Is Ballet A Dying Art?

 

I must confess I haven’t yet read Jennifer Homans’ acclaimed but controversial history of ballet, Apollo’s Angels. I’m working hard on my second novel and have been knee deep in prison and cop memoirs and haven’t had time for much outside reading. I hope to read it soon though.

In the meantime, I have read some of the reviews, including Laura Jacobs’ in the WSJ and Toni Bentley’s in the NY Times. The two reviews focus on very different aspects of the book so it’s interesting to read both of them. Bentley says Homans is best on Balanchine (both Bentley and Homans danced with him). But Jacobs find the earlier sections enlightening as well.

The controversial aspects of the book seem to be toward the end when Homans argues that, for various reason (but according to Bentley many of them being that Balanchine has passed and his legacy is not being kept alive), ballet is a dying art.

I don’t want to go on too much since I haven’t yet read the book, but I will say that ballet seems to be alive and well in many European and Latin American countries.

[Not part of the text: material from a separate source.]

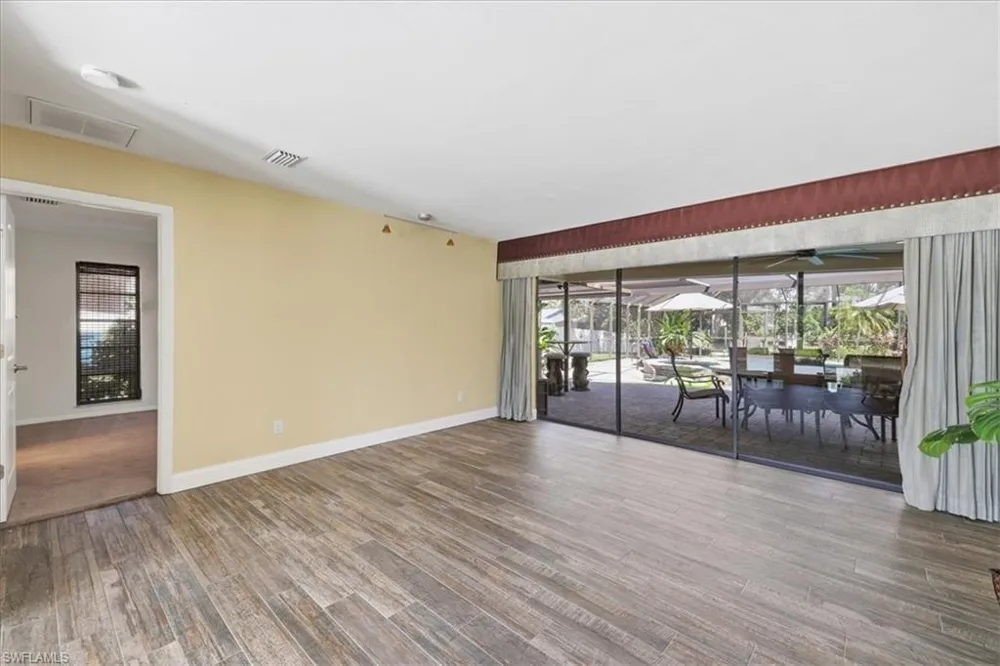 1812 Coral Circle North Fort Myers, FL 33903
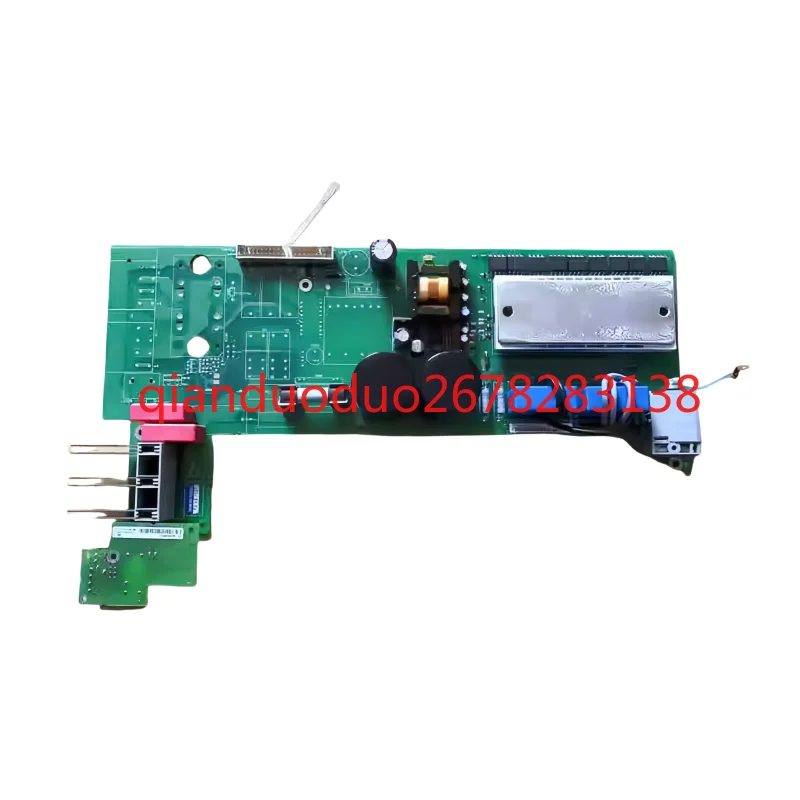 6SE7012-7014-7016-7021-7022-0TP50 لوحة محرك الطاقة المؤازرة العاكس #2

I do notice a real influx of visitors to my blog whenever the big European stars perform with ABT. I don’t think Roberto Bolle, Alina Cojocaru and Natalia Osipova fans think ballet is dying and certainly not because Balanchine is no longer with us. Ballet may be less popular in this country since the Baryshnikov era passed though, and it remains to be seen whether movies like Mao’s Last Dancer and Black Swan can do anything to revive it. I’m doubtful but want to be hopeful. I think it’s more likely that Natalie Portman marrying Benjamin Millepied will draw audiences to ballet than the actual movie will.

But then I recently ran across this interview with Homans over at the Ballet Bag, a London blog. At the beginning of the post, the writers say audiences there have been dwindling a bit and they’re worried about the future of the art form as well. Which scares me.

Anyway, has anyone read the book?

Another thing I wanted to call attention to is the book cover. The top one is the British cover, the second the American. Which do you guys like better, and think will sell more books? Just about every single time I see a European cover beside an American cover, I like the European better. But maybe it’s just me.

6 Comments

  1. I love the European cover! No wonder ballet seems “dead” here and “alive” there…

  2. Homan may be a tad biased about ballet dying after Balanchine since she danced with him. Ballet may be less popular here in the States, but dance overall is booming, isn’t it? Hip hop is certainly prevalent and contemporary is getting a lot more attention because of all the television shows.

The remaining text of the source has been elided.